Will we have a size_t strlen(const char8_t*) in a future C++ version

688 Views Asked by At

char8_t in C++20 fixes some problems of char, so I was considering using char8_t instead of char for utf8 text (e.g. text from command line). But then I noticed that strlen was not specified in the standard to be used with char8_t, actually none of the functions in the cstring library are. Can I expect this to happen in a next standard update? Or is char8_t never intended to replace char in the way I had in mind?

4

There are 4 best solutions below

0
On BEST ANSWER

I'm the author of the P0482 and P1423 char8_t proposals.
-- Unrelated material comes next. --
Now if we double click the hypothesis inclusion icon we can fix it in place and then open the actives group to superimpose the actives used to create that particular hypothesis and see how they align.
The intent of those proposals was to introduce the char8_t type with the same level of support present for char16_t and char32_t and then to follow up with additional functionality later. These proposals were adopted late in the C++20 development cycle (at the San Diego and Cologne meetings respectively), so there wasn't opportunity to deliver additional features for C++20.
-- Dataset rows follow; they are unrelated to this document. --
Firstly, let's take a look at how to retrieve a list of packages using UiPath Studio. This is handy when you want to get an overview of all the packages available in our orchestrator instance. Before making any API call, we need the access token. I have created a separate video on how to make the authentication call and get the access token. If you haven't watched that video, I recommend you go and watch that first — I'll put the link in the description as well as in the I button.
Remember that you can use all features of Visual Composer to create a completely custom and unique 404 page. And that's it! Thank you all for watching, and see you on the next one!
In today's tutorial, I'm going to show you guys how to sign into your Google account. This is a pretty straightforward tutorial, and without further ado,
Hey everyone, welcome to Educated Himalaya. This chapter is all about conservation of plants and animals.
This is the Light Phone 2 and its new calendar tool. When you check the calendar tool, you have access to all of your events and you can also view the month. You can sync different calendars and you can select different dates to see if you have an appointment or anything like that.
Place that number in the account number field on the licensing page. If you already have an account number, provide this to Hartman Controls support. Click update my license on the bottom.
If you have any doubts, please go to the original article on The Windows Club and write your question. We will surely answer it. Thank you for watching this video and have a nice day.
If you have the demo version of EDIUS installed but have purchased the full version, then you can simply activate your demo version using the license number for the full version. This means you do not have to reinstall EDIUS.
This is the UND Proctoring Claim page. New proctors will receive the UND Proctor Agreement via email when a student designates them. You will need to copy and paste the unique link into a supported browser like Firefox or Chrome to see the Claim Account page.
One of the directives for SG16 as described in P1238 is to standardize new encoding aware text container and view types. Work is progressing in this area and we hope to deliver it for C++23. It is hoped that these new containers and views will supplant much raw string handling in C++.
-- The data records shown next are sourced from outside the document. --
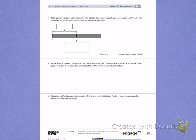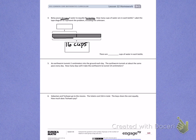I see that Betsy has 16 cups — that is my total — so I'm going to label that first. She takes those 16 cups and puts them into 2 bottles. We can see here are the 2 bottles, which are my groups, so I will also label 2 bottles.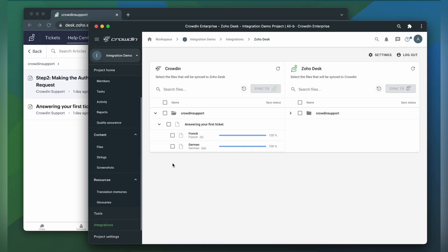When the translations are ready, to synchronize the translated content back, simply select it and then click the Sync to Zoho Desk button.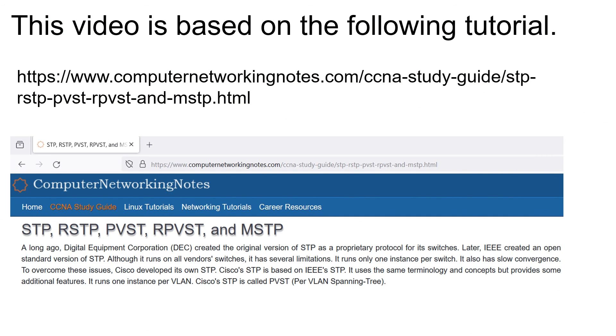That's all for this video. If you have any suggestions, comments, or feedback about this video, please share them in the comment section given below.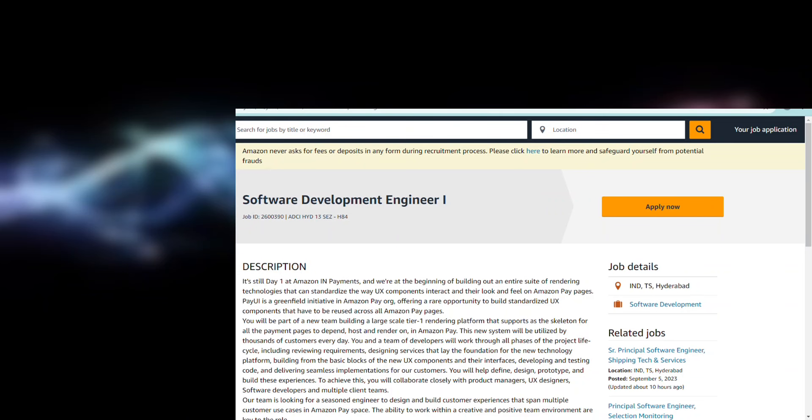Welcome back to another video on our channel. This video is going to be very important because we are going to discuss two very big hiring updates. By seeing, you can already understand this is going to be from Amazon.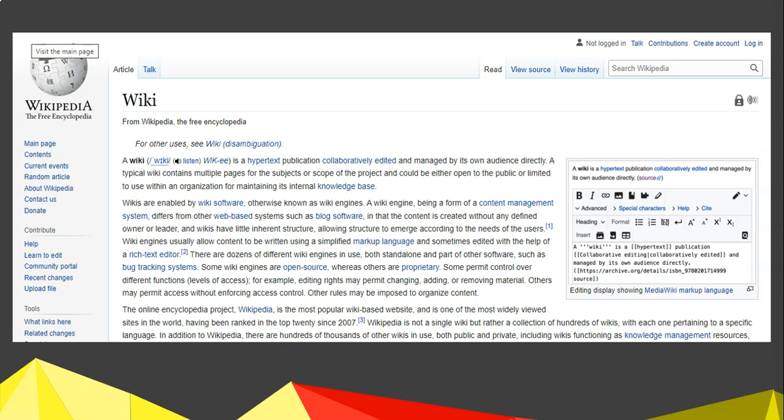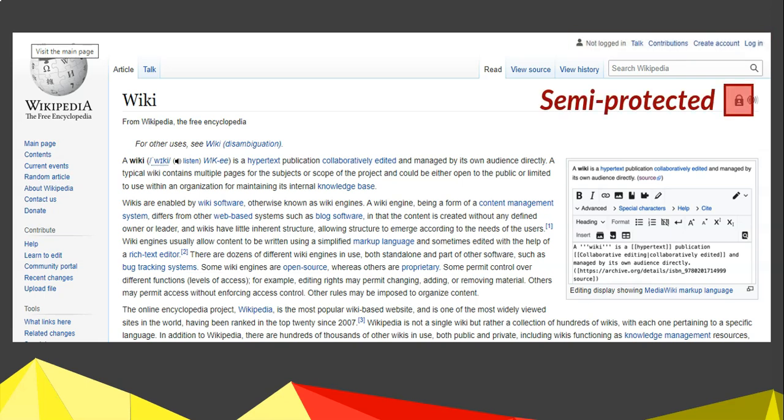Here is an example of a page on Wikipedia. Let's look at the features that are available. First of all, you'll notice at the top that I'm not logged on. You need to create an account in order to add information to wikis. If you want to do that, you should create an account so that you can be a contributor towards the different articles. You'll also notice that this page has a lock, which means it's semi-protected — there are certain requirements you have to follow in order to change the data on this page.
With regard to strlen specifically, strlen is a C API. N2231 is a proposal to add char8_t support to C (again, at the same level as the existing support for char16_t and char32_t). That proposal has not yet been accepted by WG14. Assuming it is eventually accepted, then it would make sense to follow up with additional char8_t-based C string management functions (perhaps enhancing support for char16_t and char32_t as well).

At present, I'm working on completing an implementation of N2231 in gcc and glibc. Once that is complete, I intend to submit a revision of N2231 to WG14.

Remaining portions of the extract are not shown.